All is quiet lately on the Egyptian front. Or so it seems at least. That we have not seen any headlines in the Israeli and world media lately concerning the most important Arab country in the region, does not mean of course that nothing important is going on. Indeed, what we are now experiencing is “the calm before the storm” for on June the 30th we are about to discover how deceptive this quiet is. While we were rightly distracted by the elections in Iran, the demonstrations in Turkey and the continuing conflict in Syria, we missed out on some extremely important developments in Egypt.
Let me help you catch up. The opposition parties in Egypt have joined a coalition which is now busy planning mass protests due to take place on June 30, a date marking President Mohammed Morsi’s first anniversary in power. The protests promise to be quite challenging, to say the least, for the Muslim Brotherhood. At a press conference yesterday, the leaders of the coalition announced plans for the week leading up to June 30.
During their first year in power, the Muslim Brotherhood discovered that it was not really ready to rule as they suddenly found out that it is quite easy to take something down, but it is another thing entirely to build and maintain it. Unwilling to share power with the opposition, Morsi has insisted on leading a one-man show, not understanding that to forge ahead and steady the ground beneath his feet, Egypt needed a joint effort and cooperation. To the average Egyptian, the end-result of this first year of post-revolution is a divisive new constitution, a crippled economy, a dysfunctional state, a threatened and insecure civil society, a beleaguered judiciary, and a legislative agenda that many find infuriating. And so, the anti-Mubarak posters held by the millions of protesters in Tahrir Square are going to be replaced by anti-Muslim Brotherhood posters and calls for political inclusion, but the popular anger fueling the agitation is exactly the same.
While all parties involved know how this latest version of mayhem is going to start, no one knows how it will end. From all the possible outcomes, a military crackdown seems the most extreme. Extreme, yet possible. The Egyptian army, which up until this point has purposely tried to stay on the sidelines, might have to intervene if protests grow to a large scale and violence gets out of hand. Signaling this possible outcome, Egypt’s Defense Minister warned of the current state of division in the Egyptian society, saying that “the continuation of it is a danger to the Egyptian state and there must be consensus among all”, and significantly adding that “it is the national and moral duty of the army to intervene, to prevent sectarian strife or the collapse of state institutions.”(Albawaba News, June 24, 2013).

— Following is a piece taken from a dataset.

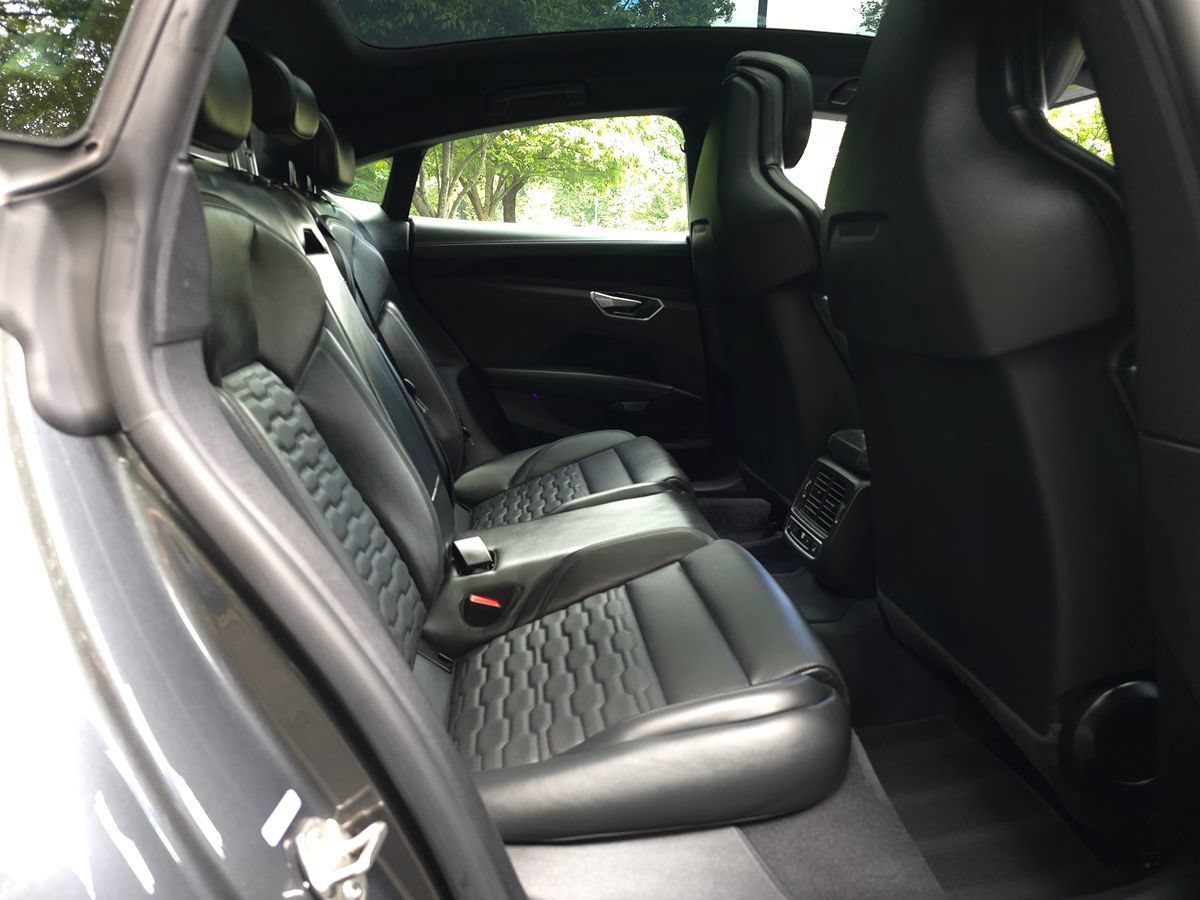 Used 2022 Audi e-tron GT Prestige w/ Prestige Package AWD/4WD image 19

From a wider perspective, should this indeed transpire, the army’s focus would likely shift internally, which would mean easing the pressure on terrorist elements in the Sinai peninsula. Bad news for Israel, which has now had to reconfigure the way it secures its borders both with Syria and with Egypt.
Whatever the outcome, Egypt will be the one to suffer since most of these scenarios would very likely end with Egypt engulfed in instability and/or paralysis for a considerable amount of time. As Morsi approaches the anniversary of his first year in power, it is perhaps the ultimate irony that this anniversary is to be marked by an attempt to repeat the 2011 revolution that actually brought him into power, and largely by the very same people who sparked that very same revolution against the former dictator who once imprisoned the current president.